David Gessner writes in My Green Manifesto, Down the Charles River in Pursuit of the New Environmentalism, “We need stories, told outside, told in a way that links activism to beauty, wild beauty. They should be told in the open air so that we remember that loving and fighting aren’t two specialties, but one thing.”
His story weaves a tale of environmental planner Dan canoeing down the Charles River near Boston, Mass. Gessner tells Dan’s story: how one government employee fell in love with a place and then fought for it. He tells how Dan restored the polluted Charles River and turned it into an urban haven for wildlife and wild people. Thus begins Gessner’s premise for the manifesto: Despite all odds, one person just might change the world.
As he builds up to his new environmentalism, Gessner addresses a potential accuser of “burying his head in the sand.”
“I am not Henry David Thoreau; I get that, and I live in a limited, depraved, depressing time; but I am here to say that I can still experience joy and yes, maybe even a little transcendence … I do want an environmentalism that I can live with; one that is part of my everyday life.”
There are comparisons to Thoreau and other nature writers throughout the book. But I like Dan’s philosophy on nature lovers and environmentalists.
“We nature lovers are hypocrites … none of us are consistent. The problem is that we let that fact stop us. We worry that if we fight for nature, people will say, ‘But you drive a car’ … And that stops us in our tracks. It’s almost as if admitting that they are hypocrites lets people off the hook … we need hypocrites who aren’t afraid of admitting it but will still fight for environment.”

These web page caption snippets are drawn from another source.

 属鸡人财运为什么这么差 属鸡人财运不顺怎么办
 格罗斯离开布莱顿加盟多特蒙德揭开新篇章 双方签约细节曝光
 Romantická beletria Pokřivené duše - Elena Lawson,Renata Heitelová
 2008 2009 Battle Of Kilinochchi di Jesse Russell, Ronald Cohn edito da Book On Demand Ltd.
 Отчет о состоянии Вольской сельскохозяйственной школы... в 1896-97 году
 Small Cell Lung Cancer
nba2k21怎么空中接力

Gessner says Dan is just a “stubborn guy who fell in love with a place and then fought like hell for it.”
Gessner’s advice: “Find something that you love that they’re [messing] with and then fight for it. If everyone did that – imagine the difference.”
The entire book reminds me of the Fraser River and how Grand County citizens are fighting for its survival. I really like Gessner’s approach to fighting because it’s not about in-your-face environmentalism. It’s about exploring our backyards, getting to know it well, and then fighting for it.
My favorite chapter is The Wild West. Gessner compares New England and Colorado/The West. Gessner lived in Boulder for many years before returning to the East. Colorado made an impression and his emerging definition of the new environmentalism includes the West as a model.
“It is the one region that has managed to tell a more romantically compelling story of humans and nature. It’s both a sexier, gun-slinging narrative, and a more free-spirited, radical story.”
In between talking to the reader, urging readers to a new environmentalism, and telling tales of trips to wild places, Gessner tells Dan’s story about how he became motivated to save the Charles.
“Tell me to save the world and I will panic. Some jobs are simply too big … but tell me to save a chunk of that world, a river say, and I might just become engaged.”
Ultimately Gessner discovers the new environmentalism for this century.
“I want to suggest falling in love with the world, and maybe battling to alter it in some small way.” And, he proposes a toast, “To our glorious adventure and continued wildness.”